Diabetes Burnout: The "I Can't Take It Anymore" Syndrome

By Allison Blass

Anyone who has had diabetes for, oh, a day, knows how challenging it can be. Whether you are a parent, friend, or someone with diabetes like me, the disease is a never-ending source of demands, confusion, and frustration. Most people eventually feel a sense of “diabetes burnout” (a term coined by diabetes psychologist Dr. William Polonsky) from having dealt with the literal and figurative ups and downs of the disease. “The thing that contributes to being burned out the most is when people feel alone with diabetes,” says Dr. Polonsky. “Obviously they have family and friends and a doctor, but if they feel like no one gets it, then they don’t feel like anyone understands or is rooting for them.” Another burden is caused by the “expectations” and high standards of self-care that family, medical professionals or even you put on yourself. But the fact is, no one is perfect. “Sometimes people burn out because their expectations are unreasonable, and they just feel like failures,” says Dr. Polonsky. “Perfectionism traps patients, family members and health care providers in a vicious cycle of unrealistic expectations, which blames the person.” He recommends that patients work to achieve open communication and explain their feelings to the person imposing such expectations. “They need guidance from you about how to help,” he explains. “They’ll respond when you say, ‘I know you mean well, but what you do isn’t helping.'”

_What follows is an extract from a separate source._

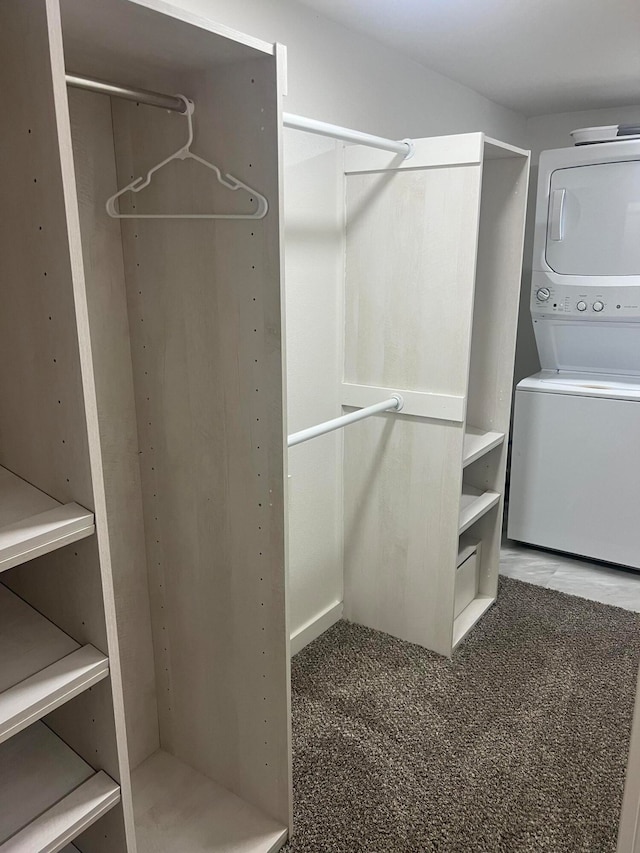 walk in closet with carpet floors and stacked washer and clothes dryer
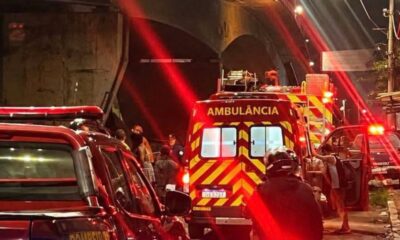 Ambulância vermelha e carros de bombeiros com luzes piscando em local de acidente à noite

With all the factors to coordinate and priorities to meet, it helps to develop a reasonable diabetes management “workload.” This includes identifying specific obstacles or struggles, then sitting down with your family and healthcare team to develop a realistic action plan for achieving your goals.

Although the person with diabetes suffers the greatest burden of the disease, parents, spouses, or other caregivers can also feel burned out. Both children and parents also can suffer from the awkwardness of social situations–I have seen and experienced this often over the years. Teens end up feeling frustrated and tired because “no one understands.” Diabetes goes against everything a teen wants to be. Being a teen is about conforming with peers, looking like them, hanging around with them, and doing the same things they do. When you have to count carbohydrates, check blood sugar and take injections, it can be humiliating if you’re the only one.

Support is a great way to overcome diabetes burnout, and support groups can be found through your local clinic or JDRF chapter. If there is no support group near you, start one! Choose a central location, perhaps your JDRF chapter office or a room at the clinic. Hang fliers and ask the clinic or chapter staff to invite people.

At the meeting, you can talk about the issues that are important to you, whether it’s diabetes technology, research, or emotional issues. Make it a regular event at the same location and you will soon see your group grow as more people hear about it.

A great thing about support is that you can share information and troubleshoot with others. Asking questions is the best way to learn about diabetes. It is encouraging during challenging times to have someone who can smile, nod and say, “I know exactly what you mean.” It can give you strength when you are faced with pressure and uncertainty to know that you are not the only one.

Dr. Polonsky’s book, Diabetes Burnout: What To Do When You Can’t Take it Anymore, explains in detail how you can work to overcome burnout. Living with diabetes is challenging, but it also gives you the opportunity to find your inner strength. That strength comes from having the right resources and the right people beside you.

You are not alone.
To find additional support online: Try the Online Diabetes Support Team, TypeOneNation, Children with Diabetes, or The Diabetes OC, a new web site that lists blogs by parents and adults with diabetes.